Gigi Hamilton (born 7 May 1965) is a Swedish singer and songwriter, best known as a member of the popular Swedish pop-groups, Freestyle and later Style.

Biography
Gigi's musical career started as a singer-songwriter in the Swedish 1980s pop-group called Freestyle.
Her first album Fantasi with Freestyle sold Gold and platinum in a short space of time. It still remains popular in Sweden with extensive airplay on the radio; especially the singles: "Vill ha dej", "Fantasi" and "Ögon som glittrar". Freestyle's popularity led to a film role in the Swedish motion picture called G.

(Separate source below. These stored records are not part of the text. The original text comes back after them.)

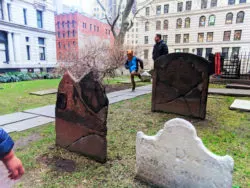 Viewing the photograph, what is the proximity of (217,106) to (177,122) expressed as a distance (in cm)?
430

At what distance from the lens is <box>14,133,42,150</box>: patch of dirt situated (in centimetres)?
295

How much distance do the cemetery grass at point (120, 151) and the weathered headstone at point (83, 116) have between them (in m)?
0.16

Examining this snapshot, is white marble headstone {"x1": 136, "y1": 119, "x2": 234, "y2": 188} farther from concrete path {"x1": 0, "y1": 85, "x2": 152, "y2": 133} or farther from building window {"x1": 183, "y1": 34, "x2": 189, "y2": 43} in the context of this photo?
building window {"x1": 183, "y1": 34, "x2": 189, "y2": 43}

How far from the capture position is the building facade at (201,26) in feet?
115

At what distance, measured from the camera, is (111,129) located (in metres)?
3.62

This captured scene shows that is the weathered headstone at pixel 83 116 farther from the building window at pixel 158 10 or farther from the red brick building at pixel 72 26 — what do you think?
the red brick building at pixel 72 26

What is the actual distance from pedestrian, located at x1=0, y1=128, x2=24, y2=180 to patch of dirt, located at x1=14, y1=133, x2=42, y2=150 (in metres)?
1.86

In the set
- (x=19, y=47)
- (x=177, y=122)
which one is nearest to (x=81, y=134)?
(x=177, y=122)

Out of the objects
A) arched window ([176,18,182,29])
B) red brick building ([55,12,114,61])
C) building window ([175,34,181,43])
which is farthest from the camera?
red brick building ([55,12,114,61])

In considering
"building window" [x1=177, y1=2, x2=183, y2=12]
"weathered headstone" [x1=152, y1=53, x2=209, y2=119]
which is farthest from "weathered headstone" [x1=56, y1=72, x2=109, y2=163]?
"building window" [x1=177, y1=2, x2=183, y2=12]

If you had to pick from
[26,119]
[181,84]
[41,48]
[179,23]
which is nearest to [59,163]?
[26,119]

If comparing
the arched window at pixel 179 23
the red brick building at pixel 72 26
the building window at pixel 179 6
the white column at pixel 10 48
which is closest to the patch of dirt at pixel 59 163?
the white column at pixel 10 48

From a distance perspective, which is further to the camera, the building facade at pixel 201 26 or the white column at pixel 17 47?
the building facade at pixel 201 26

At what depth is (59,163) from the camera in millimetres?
2447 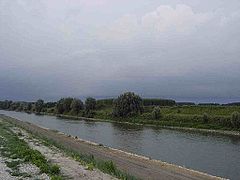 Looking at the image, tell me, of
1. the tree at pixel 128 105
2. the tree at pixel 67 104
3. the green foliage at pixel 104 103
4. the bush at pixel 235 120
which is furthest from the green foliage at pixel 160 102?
the bush at pixel 235 120

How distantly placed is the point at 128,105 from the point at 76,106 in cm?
4534

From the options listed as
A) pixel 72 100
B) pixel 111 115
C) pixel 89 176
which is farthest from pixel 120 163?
pixel 72 100

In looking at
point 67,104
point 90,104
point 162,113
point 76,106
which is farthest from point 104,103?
point 162,113

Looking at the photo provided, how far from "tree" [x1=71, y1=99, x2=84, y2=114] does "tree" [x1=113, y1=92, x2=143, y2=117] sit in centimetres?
3821

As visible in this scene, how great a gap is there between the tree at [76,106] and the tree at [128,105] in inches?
1504

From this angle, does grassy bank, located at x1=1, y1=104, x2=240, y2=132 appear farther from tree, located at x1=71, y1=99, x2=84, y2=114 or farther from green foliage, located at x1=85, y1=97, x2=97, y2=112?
tree, located at x1=71, y1=99, x2=84, y2=114

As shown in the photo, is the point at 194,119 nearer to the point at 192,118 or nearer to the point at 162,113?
the point at 192,118

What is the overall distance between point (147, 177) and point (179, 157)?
57.7 feet

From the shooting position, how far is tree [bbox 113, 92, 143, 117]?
12812 centimetres

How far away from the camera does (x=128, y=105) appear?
423 ft

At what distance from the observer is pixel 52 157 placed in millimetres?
33562

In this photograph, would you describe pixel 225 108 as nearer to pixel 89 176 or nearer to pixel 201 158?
pixel 201 158

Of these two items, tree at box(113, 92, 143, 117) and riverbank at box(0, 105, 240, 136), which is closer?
riverbank at box(0, 105, 240, 136)

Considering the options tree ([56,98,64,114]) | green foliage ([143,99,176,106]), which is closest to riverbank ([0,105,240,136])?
Answer: tree ([56,98,64,114]) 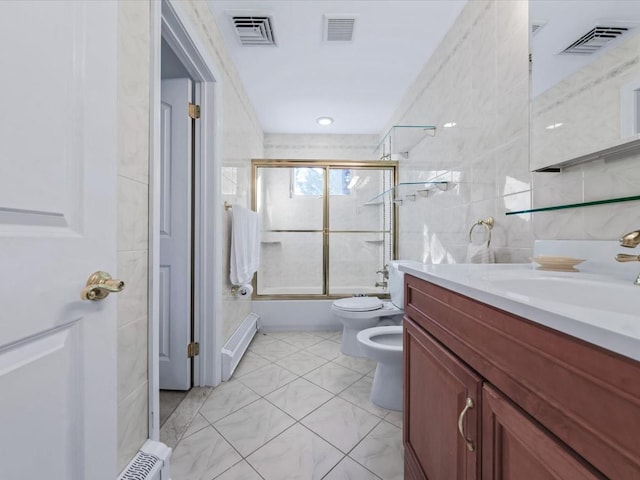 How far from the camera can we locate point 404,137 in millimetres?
2395

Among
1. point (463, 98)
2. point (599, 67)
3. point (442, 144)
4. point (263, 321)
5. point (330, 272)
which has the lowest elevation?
point (263, 321)

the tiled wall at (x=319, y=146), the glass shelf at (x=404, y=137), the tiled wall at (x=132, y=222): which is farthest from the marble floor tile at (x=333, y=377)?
the tiled wall at (x=319, y=146)

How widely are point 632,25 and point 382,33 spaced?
4.48 ft

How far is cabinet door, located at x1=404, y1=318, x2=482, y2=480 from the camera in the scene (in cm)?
63

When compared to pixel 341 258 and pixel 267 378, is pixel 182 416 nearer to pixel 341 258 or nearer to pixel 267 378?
pixel 267 378

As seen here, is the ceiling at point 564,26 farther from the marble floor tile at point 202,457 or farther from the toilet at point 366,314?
the marble floor tile at point 202,457

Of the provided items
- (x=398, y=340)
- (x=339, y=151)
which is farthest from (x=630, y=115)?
(x=339, y=151)

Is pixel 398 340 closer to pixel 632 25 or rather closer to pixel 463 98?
pixel 463 98

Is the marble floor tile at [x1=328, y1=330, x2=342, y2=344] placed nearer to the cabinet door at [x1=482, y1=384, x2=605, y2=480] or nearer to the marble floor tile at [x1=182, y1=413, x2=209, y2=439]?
the marble floor tile at [x1=182, y1=413, x2=209, y2=439]

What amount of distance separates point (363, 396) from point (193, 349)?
1070mm

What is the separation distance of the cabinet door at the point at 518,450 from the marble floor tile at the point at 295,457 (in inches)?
32.2

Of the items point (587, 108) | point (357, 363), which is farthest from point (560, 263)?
point (357, 363)

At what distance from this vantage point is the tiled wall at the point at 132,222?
87cm

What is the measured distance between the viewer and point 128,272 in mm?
912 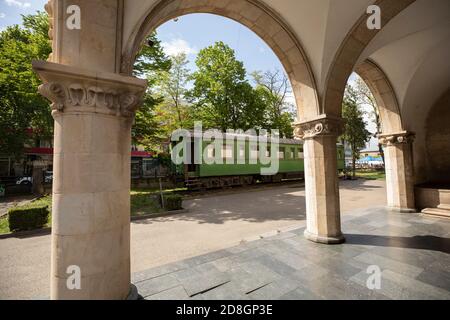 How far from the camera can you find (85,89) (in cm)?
260

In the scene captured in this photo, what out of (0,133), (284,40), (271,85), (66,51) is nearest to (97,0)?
(66,51)

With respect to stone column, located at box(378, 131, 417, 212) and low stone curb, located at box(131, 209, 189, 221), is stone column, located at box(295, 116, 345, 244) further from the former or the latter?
low stone curb, located at box(131, 209, 189, 221)

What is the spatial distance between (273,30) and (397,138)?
20.1ft

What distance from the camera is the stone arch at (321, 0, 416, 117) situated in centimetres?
470

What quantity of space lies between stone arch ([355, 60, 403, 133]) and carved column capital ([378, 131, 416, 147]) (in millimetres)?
175

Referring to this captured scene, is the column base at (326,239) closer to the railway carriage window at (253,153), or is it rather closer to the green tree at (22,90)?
the railway carriage window at (253,153)

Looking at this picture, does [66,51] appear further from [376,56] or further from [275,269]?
[376,56]


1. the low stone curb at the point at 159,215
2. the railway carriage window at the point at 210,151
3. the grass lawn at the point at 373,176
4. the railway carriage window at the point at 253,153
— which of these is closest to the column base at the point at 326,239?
the low stone curb at the point at 159,215

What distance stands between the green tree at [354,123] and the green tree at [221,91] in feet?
55.0

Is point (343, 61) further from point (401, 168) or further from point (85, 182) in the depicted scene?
point (85, 182)

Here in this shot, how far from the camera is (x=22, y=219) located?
24.1 ft

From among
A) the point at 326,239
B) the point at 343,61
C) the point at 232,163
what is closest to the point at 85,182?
the point at 326,239

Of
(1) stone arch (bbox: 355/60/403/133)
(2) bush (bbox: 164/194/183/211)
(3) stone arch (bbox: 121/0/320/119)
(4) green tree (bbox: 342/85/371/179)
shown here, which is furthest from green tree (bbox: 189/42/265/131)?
(4) green tree (bbox: 342/85/371/179) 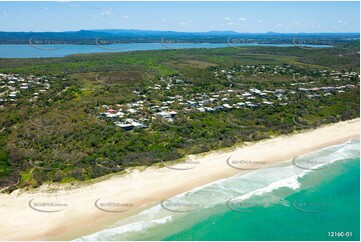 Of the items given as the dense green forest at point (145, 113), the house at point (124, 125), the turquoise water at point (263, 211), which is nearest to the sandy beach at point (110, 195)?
the turquoise water at point (263, 211)

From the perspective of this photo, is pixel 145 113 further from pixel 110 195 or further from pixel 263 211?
pixel 263 211

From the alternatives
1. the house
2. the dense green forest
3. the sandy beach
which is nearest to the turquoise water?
the sandy beach

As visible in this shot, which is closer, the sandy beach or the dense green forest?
the sandy beach

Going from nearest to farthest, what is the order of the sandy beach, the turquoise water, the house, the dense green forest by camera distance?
the sandy beach < the turquoise water < the dense green forest < the house

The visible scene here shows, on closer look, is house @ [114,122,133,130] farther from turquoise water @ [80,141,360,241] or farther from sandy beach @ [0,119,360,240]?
turquoise water @ [80,141,360,241]

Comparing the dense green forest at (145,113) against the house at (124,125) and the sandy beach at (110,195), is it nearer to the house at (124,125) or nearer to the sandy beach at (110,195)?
the house at (124,125)

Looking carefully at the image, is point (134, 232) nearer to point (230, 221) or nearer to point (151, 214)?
point (151, 214)

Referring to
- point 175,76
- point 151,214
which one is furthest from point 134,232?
point 175,76

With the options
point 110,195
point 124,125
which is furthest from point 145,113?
point 110,195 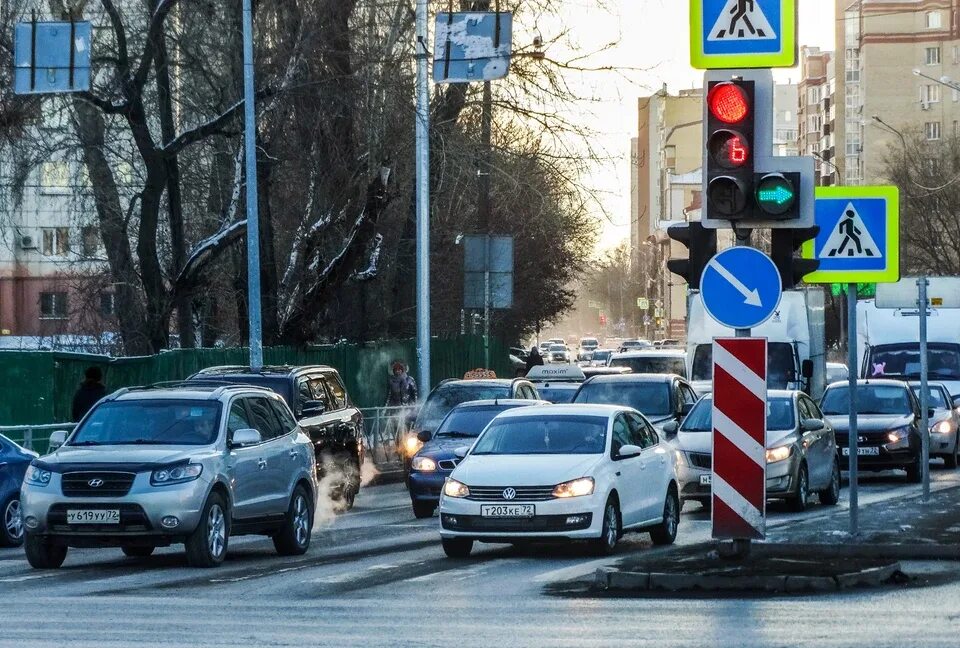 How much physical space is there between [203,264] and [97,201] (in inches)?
128

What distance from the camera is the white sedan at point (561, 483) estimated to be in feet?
56.0

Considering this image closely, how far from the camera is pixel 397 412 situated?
36469mm

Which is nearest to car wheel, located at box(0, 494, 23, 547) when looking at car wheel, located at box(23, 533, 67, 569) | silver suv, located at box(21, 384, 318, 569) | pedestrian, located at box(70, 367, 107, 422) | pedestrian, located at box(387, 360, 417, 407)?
silver suv, located at box(21, 384, 318, 569)

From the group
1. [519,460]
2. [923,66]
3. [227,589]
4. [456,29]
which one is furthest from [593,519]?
[923,66]

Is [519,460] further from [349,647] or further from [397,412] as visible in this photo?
[397,412]

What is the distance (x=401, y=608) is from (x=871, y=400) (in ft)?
64.4

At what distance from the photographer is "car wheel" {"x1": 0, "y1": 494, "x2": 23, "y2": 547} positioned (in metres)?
19.7

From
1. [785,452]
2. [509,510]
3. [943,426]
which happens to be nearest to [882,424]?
[943,426]

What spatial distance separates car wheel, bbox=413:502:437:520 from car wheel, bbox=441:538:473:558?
213 inches

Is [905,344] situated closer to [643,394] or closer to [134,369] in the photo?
[643,394]

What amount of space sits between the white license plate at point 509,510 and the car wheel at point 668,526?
7.03ft

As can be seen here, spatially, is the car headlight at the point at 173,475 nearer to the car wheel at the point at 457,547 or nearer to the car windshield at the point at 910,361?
the car wheel at the point at 457,547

In 1982 she released her first solo record  My Coo ca Choo.
Freestyle split in 1983 due to musical differences, but in 1998 Gigi and the former members reformed for the Summer of 1998 to re-record "Fantasi" and "Ögon Som Glittrar" and to release a new compilation album. "Fantasi" became a hit once again and together they made a one-off concert in Stockholm.

When Freestyle disbanded in 1983, Gigi formed Style together with former Freestyle band members Tommy Ekman and Christer Sandelin. Style became successful in Scandinavia.

Hamilton has participated in the Swedish Melodifestivalen three times with Style. First in 1986, with their song "Dover-Calais"; although finishing third, "Dover-Calais" became a hit throughout Scandinavia, 
Then in 1987 with their song "Hand i hand" finishing sixth and in 2003 (reunited again after splitting in 1989 due to musical differences) with their song "Stay the Night".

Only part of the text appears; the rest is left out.